All payments to Publisher will be in U.S. Dollars.
4.
Policies and Pricing. Users of the Publisher Service who navigate
to the Service will be deemed Billing Revolution’s users, and users of the
Publisher Service who enter into Transactions on or through the Billing
Revolution service will be deemed Billing Revolution’s customers. Accordingly, all of Billing Revolution’s rules,
policies, and operating procedures concerning use of the Service will apply to
those customers. Billing Revolution may
change its policies and operating procedures at any time in its sole
discretion.
5.
Links to Products. Subject to the terms of this Agreement,
Publisher will generate links for each Product within the Merchant Account
Tool. Billing Revolution may, but is not
obligated to, provide new or modified links to Publisher from time to time. If Billing Revolution provides new or
modified links to Publisher, Publisher must promptly use such links (and, if
applicable, cease to use any replaced or superseded Links). Upon request by Billing Revolution at any
time, Publisher will provide any banner advertisement, image, or other content
on the Publisher Service that incorporates or is associated with a Link (“Publisher Materials”) to Billing
Revolution for its review and written approval (which written approval may, for
purposes of this Section 5, be given by email).
Billing Revolution may approve of or reject Publisher Materials in its
sole discretion. Publisher must not
display on the Publisher Service (or elsewhere) any Publisher Materials that
Billing Revolution has rejected. If
Publisher creates Publisher Materials, it does so at its sole cost and expense
and without any assurance that any Publisher Materials will be approved by
Billing Revolution. Subject to any approval by Billing Revolution
required under this Section 5, Publisher is solely responsible for the development,
operation, and maintenance of Publisher Materials and the Publisher Service.
6.
Promotion of Products and Operation of
Publisher Service.
6.1.
Publisher will use commercially reasonable efforts to promote Products
by displaying Links on the Publisher Service in accordance with these Terms and
Conditions.
6.4.
Publisher must not, expressly or by implication, make or pass on any
representation or warranty regarding the Service, the Platform, Transactions,
or otherwise regarding Billing Revolution or its products or services. Publisher must not make any statement,
whether on the Publisher Service or otherwise, that contradicts, or is
inconsistent with, this Section 6.
6.5.
Without limiting Section 5, Publisher understands and agrees that the Publisher
Service, or relevant potions thereof, may need to be approved by Billing
Revolution and other third parties before Publisher may display Links on the Publisher
Service.
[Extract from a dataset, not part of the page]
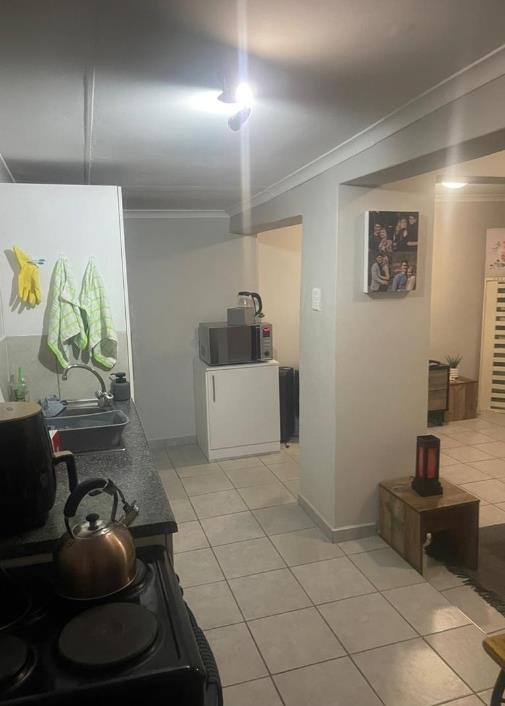 To Let 1 Bedroom Property for Rent in Melrose Gauteng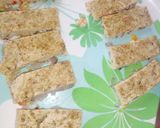 A picture of step 4 of Crunchy egg fingers.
Billing Revolution will notify
Publisher if approval is required, at which time Publisher must, if applicable,
immediately cease displaying the Links referenced by Billing Revolution (or, if
no particular Links are specified in such notice, all Links) until the time, if
any, that Billing Revolution notifies Publisher that approval has been
given. Billing Revolution and applicable
third parties may grant or withhold approval of the Publisher Service, and
applicable portions thereof, in their sole discretion.
7.
Term and Termination
7.1.
The term of this Agreement will commence upon the Effective Date and
will continue until terminated in accordance with this Agreement.
7.2.
Billing Revolution may suspend its performance under this Agreement at
any time upon notice to Publisher.
7.3.
In addition to the termination rights of either party specified
elsewhere in this Agreement, a party may terminate this Agreement with or
without cause at any time upon notice to the other party.
8.
Intellectual Property. No title
to or ownership of the Service, the Platform, the Billing Revolution Materials,
or any associated intellectual property rights, is transferred to Publisher
under this Agreement. Publisher will not
have any rights to the Platform, the Service, or any Billing Revolution
Materials except as expressly granted in this Agreement. Billing Revolution and its licensors reserve
all right, title, and interest (including, without limitation, all intellectual
property rights) in and to the Billing Revolution Materials, the Service, and
the Platform. Billing Revolution grants
to Publisher a nonexclusive, revocable right to use any Billing Revolution
Materials for which Billing Revolution grants express permission within the
Merchant Account Tool, solely for inclusion on the Publisher Service and solely
for promoting Links and Products during the term of this Agreement. Publisher must not use, modify, copy, distribute,
display, or make available any Billing Revolution Materials for any other
purpose. Publisher must follow all
guidelines for the use of the trademarks of Billing Revolution and its
licensors, as those guidelines may change from time to time. The license granted in this Section 8 will terminate upon any termination of this
Agreement. Billing Revolution may revoke
the license granted in this Section 8 at any time by providing written notice to Publisher.
9.1.
“Confidential Information,”
for purposes of these Terms and Conditions, means any trade secrets, Billing
Revolution Materials, or other information of Billing Revolution, whether of a
technical, business, or other nature (including, without limitation,
information relating to the Service or the Platform or otherwise relating to
its technology, software, products, services, designs, methodologies, business
plans, finances, marketing plans, suppliers, prospects, or other affairs), that
is disclosed to Publisher during the term of this Agreement and that Publisher
knows or has reason to know is confidential, proprietary, or trade secret
information of Billing Revolution.
Confidential Information does not include any information that: (a) was
known to Publisher prior to receiving the same from Billing Revolution in
connection with this Agreement; (b) is independently developed by Publisher
without use of or reference to Confidential Information; (c) is acquired by
Publisher from another source without restriction as to use or disclosure; or
(d) is or becomes part of the public domain through no fault or action of
Publisher.
9.2.
During and after the term of this Agreement, Publisher will: (a) use
Confidential Information solely for the purpose for which it is provided; (b)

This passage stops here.